All records below are to be repeated exactly, with the pictures left out.

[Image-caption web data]

- - - -

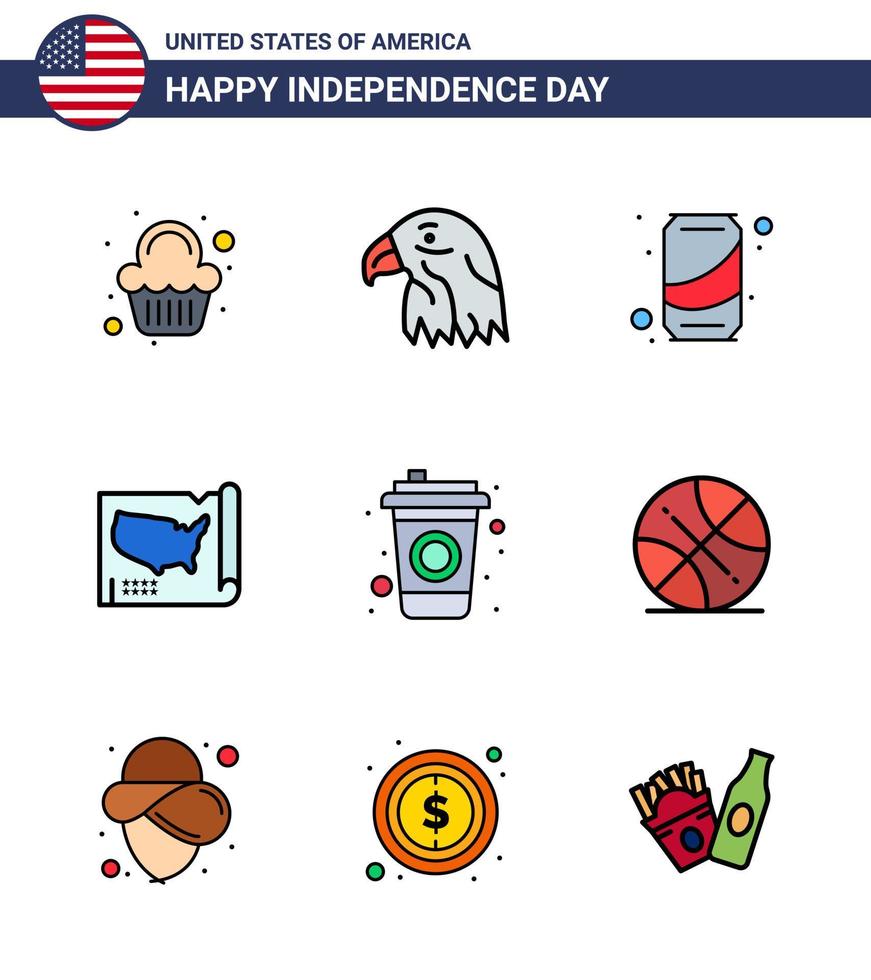 joyeux jour de l'indépendance 9 lignes plates remplies pack d'icônes pour le web et l'impression cola usa bière unie carte modifiable usa day vector design elements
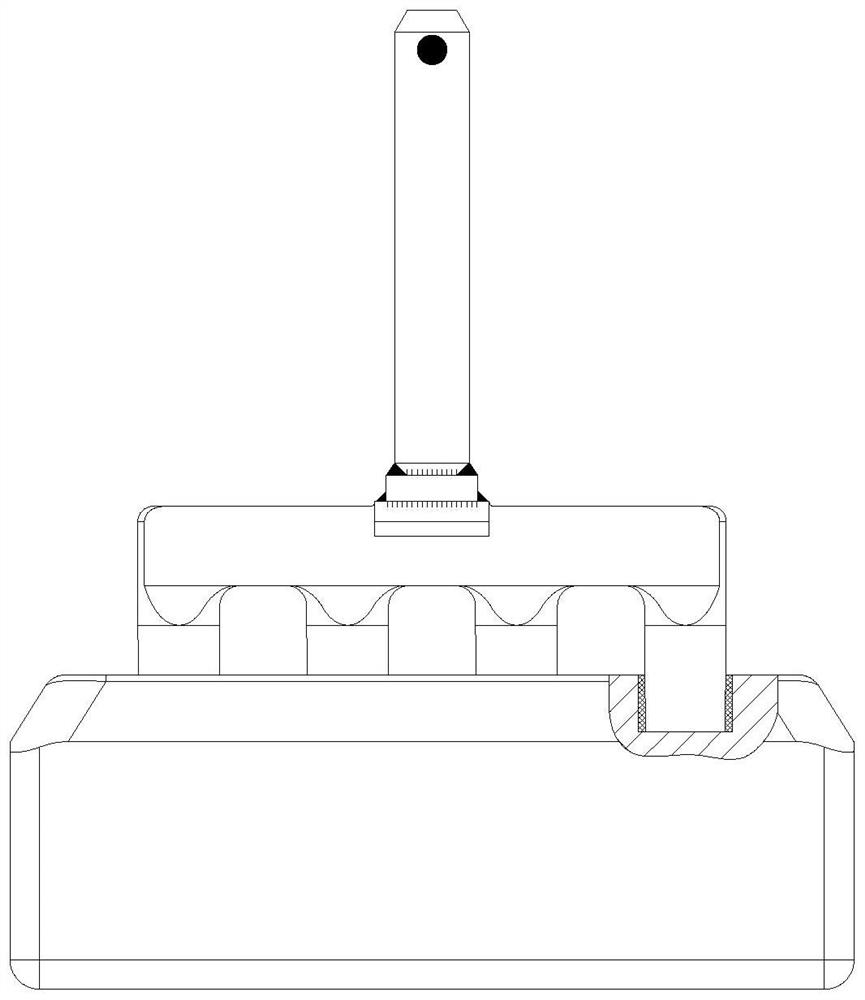 Fastening conductive mechanism convenient to operate and used for assembling aluminum electrolysis anode carbon block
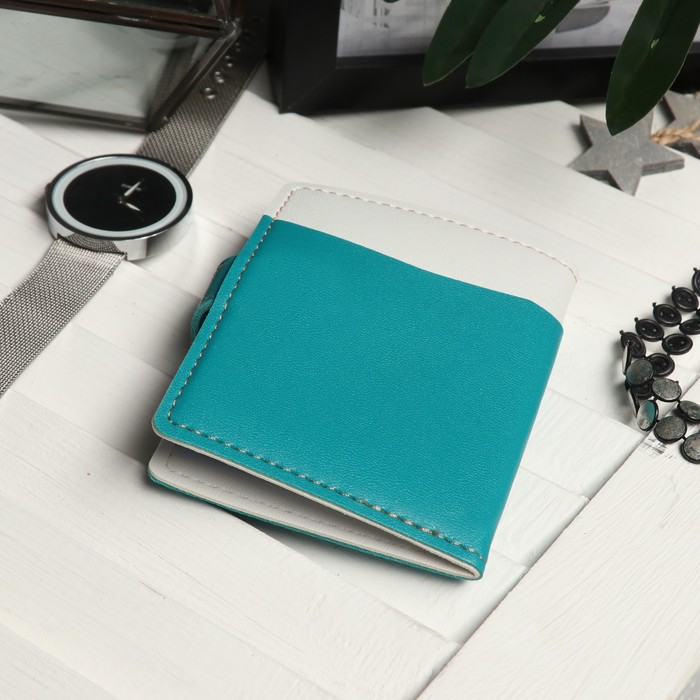 Визитница Двуцвет, 7,7*1*11см, 20 холдеров, бело/бирюзовый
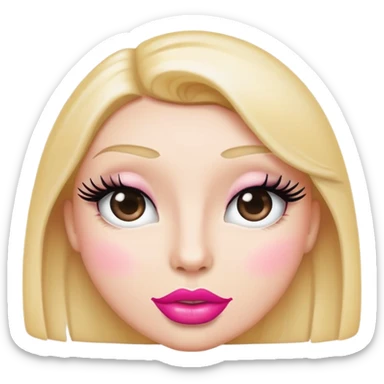 Standard emoji with pink pout lips and thick eyelashes  sticker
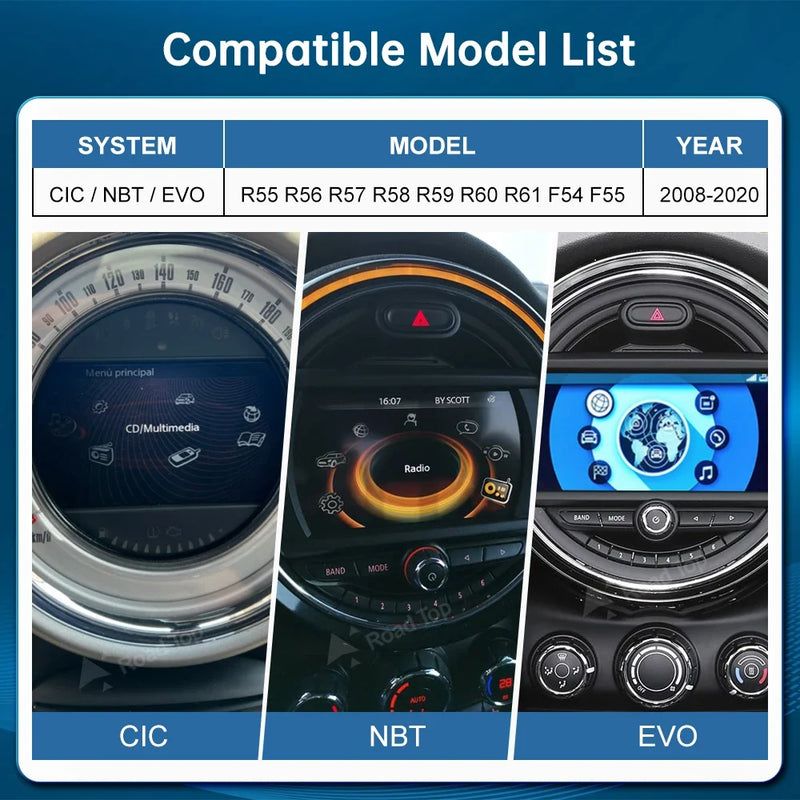 Boîtier CarPlay Android Auto Sans Fil pour MINI R56 F56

- - - -

## Written answer
 joyeux jour de l'indépendance 9 lignes plates remplies pack d'icônes pour le web et l'impression cola usa bière unie carte modifiable usa day vector design elements
 Fastening conductive mechanism convenient to operate and used for assembling aluminum electrolysis anode carbon block
 Визитница Двуцвет, 7,7*1*11см, 20 холдеров, бело/бирюзовый
 Standard emoji with pink pout lips and thick eyelashes  sticker
 Boîtier CarPlay Android Auto Sans Fil pour MINI R56 F56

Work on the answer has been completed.